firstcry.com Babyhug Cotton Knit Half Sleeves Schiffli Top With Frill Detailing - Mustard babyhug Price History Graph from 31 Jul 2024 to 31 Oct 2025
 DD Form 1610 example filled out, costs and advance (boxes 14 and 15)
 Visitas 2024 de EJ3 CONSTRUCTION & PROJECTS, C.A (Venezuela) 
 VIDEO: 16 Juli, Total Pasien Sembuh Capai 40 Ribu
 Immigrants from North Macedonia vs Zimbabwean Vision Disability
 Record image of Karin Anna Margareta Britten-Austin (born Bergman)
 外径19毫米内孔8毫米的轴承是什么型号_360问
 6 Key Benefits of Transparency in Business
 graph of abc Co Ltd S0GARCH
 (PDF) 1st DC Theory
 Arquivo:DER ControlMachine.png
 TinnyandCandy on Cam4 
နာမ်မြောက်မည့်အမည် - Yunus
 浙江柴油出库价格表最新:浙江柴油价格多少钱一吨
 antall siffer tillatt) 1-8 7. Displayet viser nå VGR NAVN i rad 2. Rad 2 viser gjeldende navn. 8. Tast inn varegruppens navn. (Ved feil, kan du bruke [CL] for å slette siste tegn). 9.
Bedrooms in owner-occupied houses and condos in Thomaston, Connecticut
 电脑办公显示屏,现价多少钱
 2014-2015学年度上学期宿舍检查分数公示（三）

Action item: Copy out the entire listing word for word. Keep every line as it is.

Response box:
firstcry.com Babyhug Cotton Knit Half Sleeves Schiffli Top With Frill Detailing - Mustard babyhug Price History Graph from 31 Jul 2024 to 31 Oct 2025
 DD Form 1610 example filled out, costs and advance (boxes 14 and 15)
 Visitas 2024 de EJ3 CONSTRUCTION & PROJECTS, C.A (Venezuela) 
 VIDEO: 16 Juli, Total Pasien Sembuh Capai 40 Ribu
 Immigrants from North Macedonia vs Zimbabwean Vision Disability
 Record image of Karin Anna Margareta Britten-Austin (born Bergman)
 外径19毫米内孔8毫米的轴承是什么型号_360问
 6 Key Benefits of Transparency in Business
 graph of abc Co Ltd S0GARCH
 (PDF) 1st DC Theory
 Arquivo:DER ControlMachine.png
 TinnyandCandy on Cam4 
နာမ်မြောက်မည့်အမည် - Yunus
 浙江柴油出库价格表最新:浙江柴油价格多少钱一吨
 antall siffer tillatt) 1-8 7. Displayet viser nå VGR NAVN i rad 2. Rad 2 viser gjeldende navn. 8. Tast inn varegruppens navn. (Ved feil, kan du bruke [CL] for å slette siste tegn). 9.
Bedrooms in owner-occupied houses and condos in Thomaston, Connecticut
 电脑办公显示屏,现价多少钱
 2014-2015学年度上学期宿舍检查分数公示（三）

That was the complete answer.